Business, data and analytics strategies – connecting the dots or just collecting?

This is a guest blogpost by Michael Corcoran, senior vice president at Information Builders (

Speaking at our Information Builders‘ Summit, IDC Group vice president, Dan Vesset estimated that knowledge workers spend less than 20% of their time on data analysis. The rest of their time is taken up with finding, preparing and managing data, “An organisation plagued by the lack of relevant data, technology and processes, employing 1000 knowledge workers, wastes over $5.7 million annually searching for, but not finding information,” warned Vesset.

Vesset’s comments underline the fact that data must be business-ready before it can generate value through advanced analytics, predictive analytics, IoT, or artificial intelligence (AI).

As we’ve seen from numerous enterprise case studies, co-ordination of data and analytics strategies and resources is the key to generating return on analytics investments.

Building the case for aligning data and analytics strategies

As data sources become more abundant, it’s important for organisations to develop a clear data strategy, which lays out how data will be acquired, stored, cleansed, managed, secured, used and analysed, and the business impact of each stage in the data lifecycle.

Equally, organisations need a clear analytics strategy which clarifies the desired business outcomes.

Analytics strategy often follows four clear stages: starting with descriptive analytics; moving to diagnostic analytics; advancing to predictive analytics and ultimately to prescriptive analytics.

These two strategies must be aligned because the type of analytics required by the organisation will have a direct impact on data management aspects such as storage and latency requirements. For example, operational analytics and decision support will place a different load on the infrastructure to customer portal analytics, which must be able to scale to meet sudden spikes in demand.

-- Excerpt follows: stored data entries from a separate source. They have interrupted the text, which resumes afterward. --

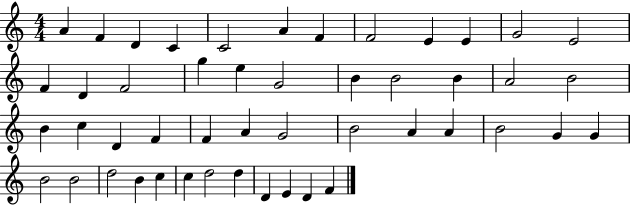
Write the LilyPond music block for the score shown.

{
  \clef treble
  \numericTimeSignature
  \time 4/4
  \key c \major
  a'4 f'4 d'4 c'4 | c'2 a'4 f'4 | f'2 e'4 e'4 | g'2 e'2 | \break f'4 d'4 f'2 | g''4 e''4 g'2 | b'4 b'2 b'4 | a'2 b'2 | \break b'4 c''4 d'4 f'4 | f'4 a'4 g'2 | b'2 a'4 a'4 | b'2 g'4 g'4 | \break b'2 b'2 | d''2 b'4 c''4 | c''4 d''2 d''4 | d'4 e'4 d'4 f'4 | \break \bar "|."
} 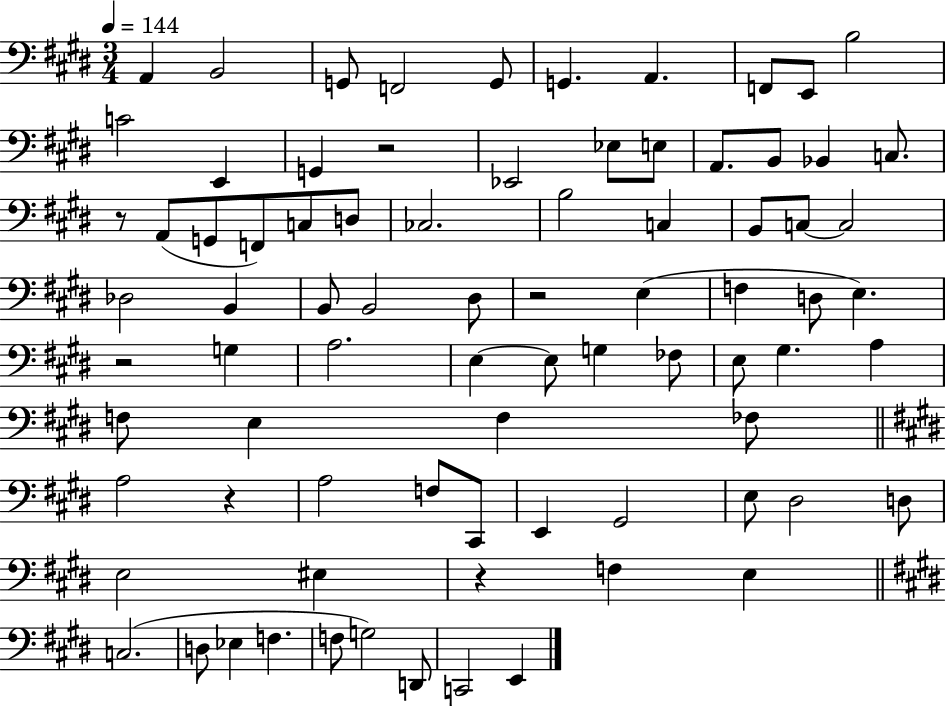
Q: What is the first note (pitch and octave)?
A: A2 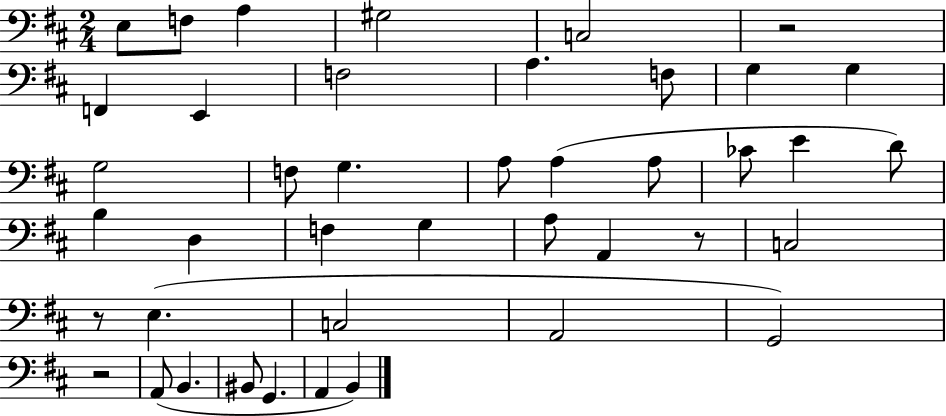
X:1
T:Untitled
M:2/4
L:1/4
K:D
E,/2 F,/2 A, ^G,2 C,2 z2 F,, E,, F,2 A, F,/2 G, G, G,2 F,/2 G, A,/2 A, A,/2 _C/2 E D/2 B, D, F, G, A,/2 A,, z/2 C,2 z/2 E, C,2 A,,2 G,,2 z2 A,,/2 B,, ^B,,/2 G,, A,, B,, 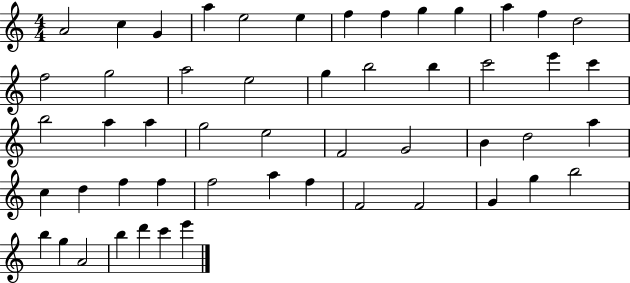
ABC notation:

X:1
T:Untitled
M:4/4
L:1/4
K:C
A2 c G a e2 e f f g g a f d2 f2 g2 a2 e2 g b2 b c'2 e' c' b2 a a g2 e2 F2 G2 B d2 a c d f f f2 a f F2 F2 G g b2 b g A2 b d' c' e' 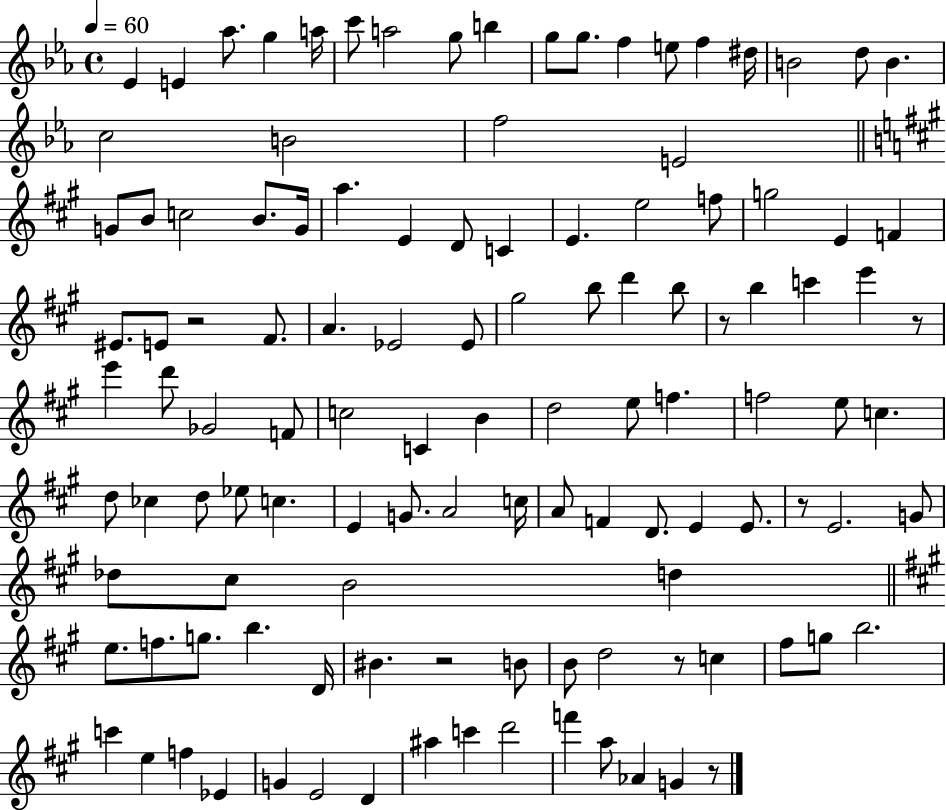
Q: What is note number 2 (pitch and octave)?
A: E4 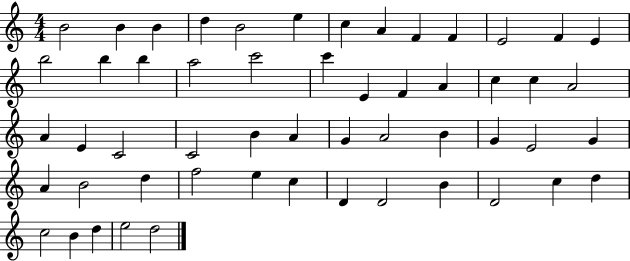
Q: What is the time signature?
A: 4/4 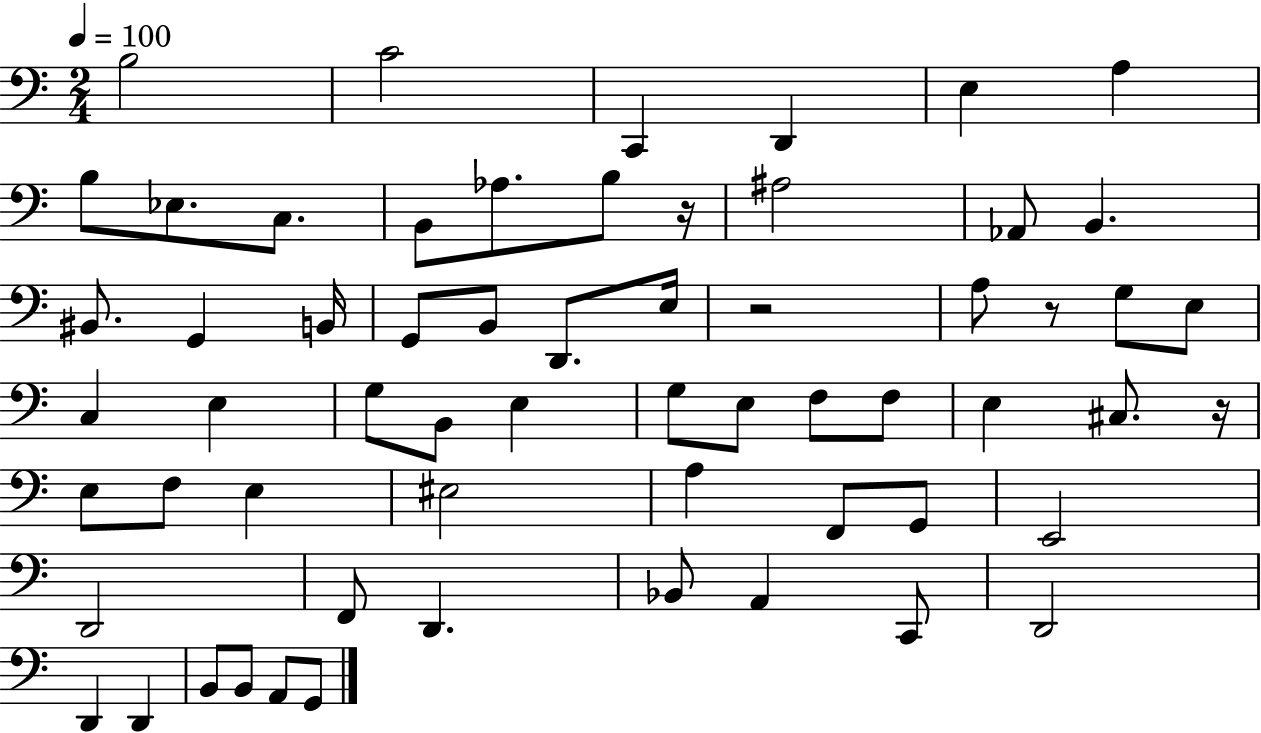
{
  \clef bass
  \numericTimeSignature
  \time 2/4
  \key c \major
  \tempo 4 = 100
  b2 | c'2 | c,4 d,4 | e4 a4 | \break b8 ees8. c8. | b,8 aes8. b8 r16 | ais2 | aes,8 b,4. | \break bis,8. g,4 b,16 | g,8 b,8 d,8. e16 | r2 | a8 r8 g8 e8 | \break c4 e4 | g8 b,8 e4 | g8 e8 f8 f8 | e4 cis8. r16 | \break e8 f8 e4 | eis2 | a4 f,8 g,8 | e,2 | \break d,2 | f,8 d,4. | bes,8 a,4 c,8 | d,2 | \break d,4 d,4 | b,8 b,8 a,8 g,8 | \bar "|."
} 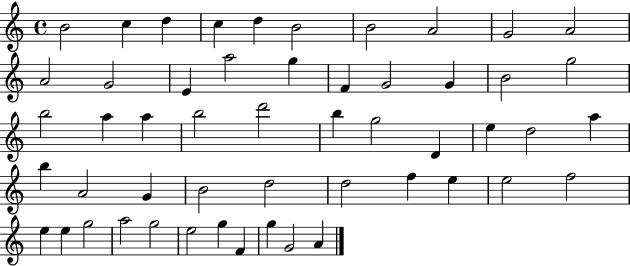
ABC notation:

X:1
T:Untitled
M:4/4
L:1/4
K:C
B2 c d c d B2 B2 A2 G2 A2 A2 G2 E a2 g F G2 G B2 g2 b2 a a b2 d'2 b g2 D e d2 a b A2 G B2 d2 d2 f e e2 f2 e e g2 a2 g2 e2 g F g G2 A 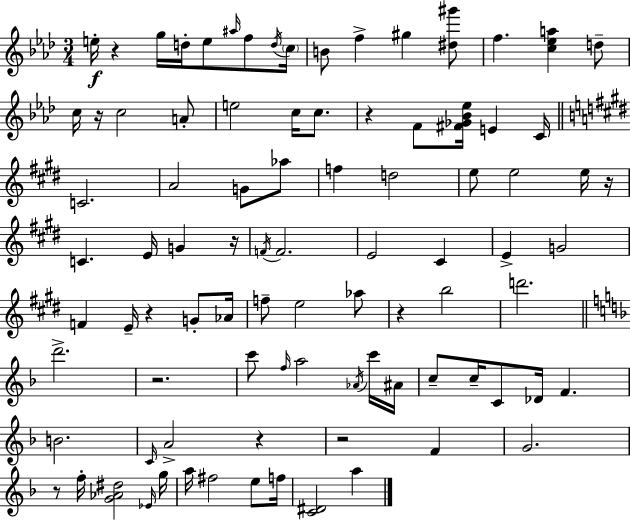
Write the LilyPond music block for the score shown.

{
  \clef treble
  \numericTimeSignature
  \time 3/4
  \key aes \major
  e''16-.\f r4 g''16 d''16-. e''8 \grace { ais''16 } f''8 | \acciaccatura { d''16 } \parenthesize c''16 b'8 f''4-> gis''4 | <dis'' gis'''>8 f''4. <c'' ees'' a''>4 | d''8-- c''16 r16 c''2 | \break a'8-. e''2 c''16 c''8. | r4 f'8 <fis' ges' bes' ees''>16 e'4 | c'16 \bar "||" \break \key e \major c'2. | a'2 g'8 aes''8 | f''4 d''2 | e''8 e''2 e''16 r16 | \break c'4. e'16 g'4 r16 | \acciaccatura { f'16 } f'2. | e'2 cis'4 | e'4-> g'2 | \break f'4 e'16-- r4 g'8-. | aes'16 f''8-- e''2 aes''8 | r4 b''2 | d'''2. | \break \bar "||" \break \key f \major d'''2.-> | r2. | c'''8 \grace { f''16 } a''2 \acciaccatura { aes'16 } | c'''16 ais'16 c''8-- c''16-- c'8 des'16 f'4. | \break b'2. | \grace { c'16 } a'2-> r4 | r2 f'4 | g'2. | \break r8 f''16-. <g' aes' dis''>2 | \grace { ees'16 } g''16 a''16 fis''2 | e''8 f''16 <c' dis'>2 | a''4 \bar "|."
} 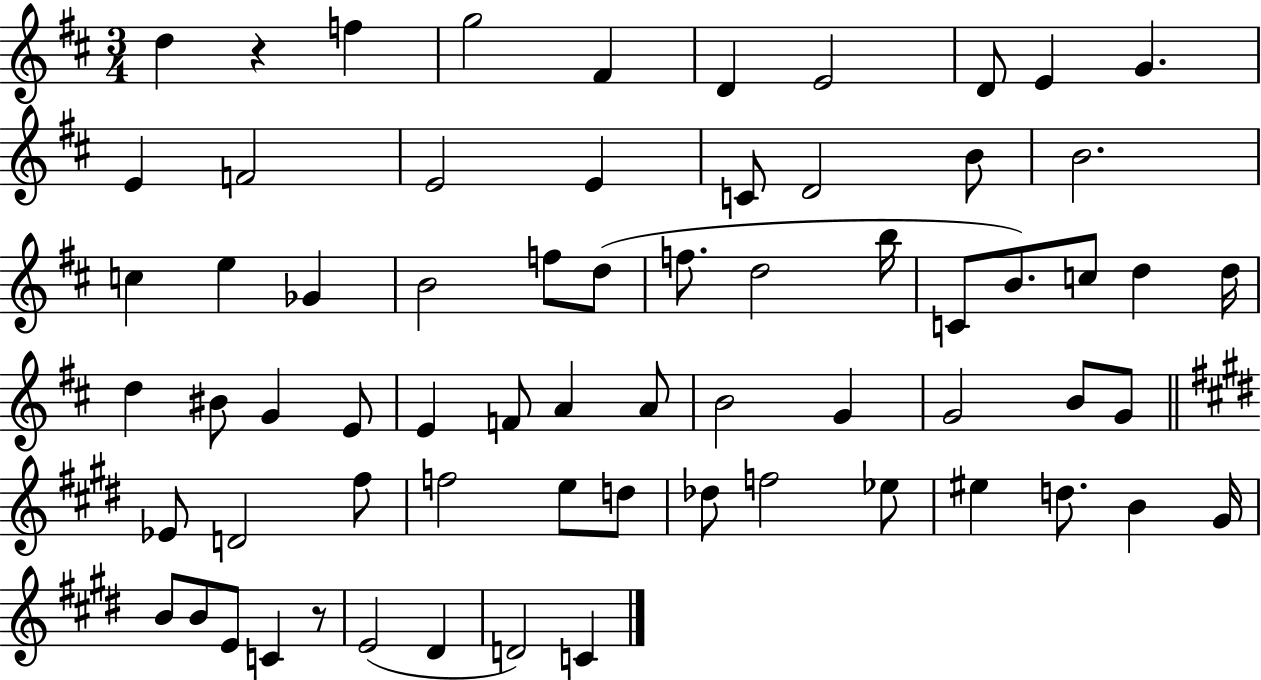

If operational analytics and IoT are central to your analytics strategy, then integration of new data formats and real-time streaming and integration will need to be covered in your data strategy.

Similarly, if your organisation’s analytics strategy is to deliver insights directly to customers, then data quality will be a critical factor in your data strategy.

When the analytics workload is considered, the impact on the data strategy becomes clear. While a data lake project will serve your data scientists and back office analysts, your customers and supply chain managers may be left in the dark.

Putting business outcomes first

Over the past four decades, we have seen the majority of enterprise efforts devoted to back-office analytics and data science in order to deliver data-based insights to management teams.

However, the most effective analytics strategy is to deliver insights to the people who can use them to generate the biggest business benefits.

We typically observe faster time to value where the analytics strategy focuses on delivering insights directly to operational workers to support their decision-making; or to add value to the services provided to partners and customers.

How to align data and analytics strategies One proven approach is to look at business use cases for each stage in the analytics strategy. This might include descriptive management scorecards and dashboards; diagnostic back-office analytics and data science; operational analytics and decision support; M2M and IoT; AI; or portal analytics created to enhance the customer experience.

Identify all the goals and policies that must be included in your strategies. Create a framework to avoid gaps in data management so that the right data will be captured, harmonised and stored to allow it to be used effectively within the analytics strategy.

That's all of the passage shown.